Republican presidential candidate Mitt Romney will not sign a controversial marriage vow from the Iowa social conservative group, Family Leader.
"Mitt Romney strongly supports traditional marriage but he felt this pledge contained references and provisions that were undignified and inappropriate for a presidential campaign," said campaign spokeswoman Andrea Saul late Tuesday night.
Michele Bachmann and Rick Santorum, who are also vying for the Republican presidential nomination, signed "The Marriage Vow -- A Declaration of Dependence upon Marriage and Family."
They later had to clarify their support for the pledge because it contained a preamble suggesting black children born into slavery had better family structures than black children now.
The excerpt has since been removed.
The Family Leader is an important socially conservative group in the first-in-the-nation caucus state of Iowa, holding sway over the state's traditionally more conservative caucus goers who influence the fate of presidential campaigns.
A spokesman former Sen.
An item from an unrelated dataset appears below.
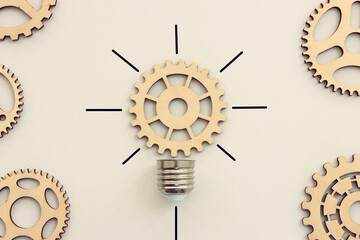 Spinning gear as light bulb concept. Idea of innovation and creativity © tomertu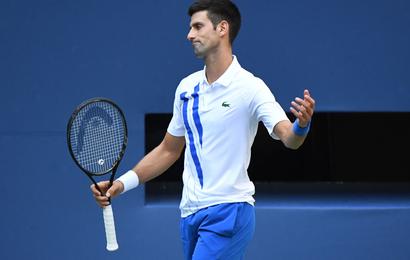 Novak Djokovic reacts after losing a point to Pablo Carreno Busta in the US Open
Santorum of Pennsylvania told CNN Monday he was "pleased" to sign the pledge, but agreed with the Leader's decision to remove the language about slavery.
"Senator Santorum was pleased to sign the Iowa Family Leader's pledge because he is committed to standing up for traditional marriage. The bigger question here is why aren't more Republicans having the courage to stand up for the institution of marriage and signing this pledge," Virginia Davis said in an email. "With that said, Senator Santorum believed it was the right thing for the Iowa Family Leader to remove the language from the preamble to the pledge about slavery."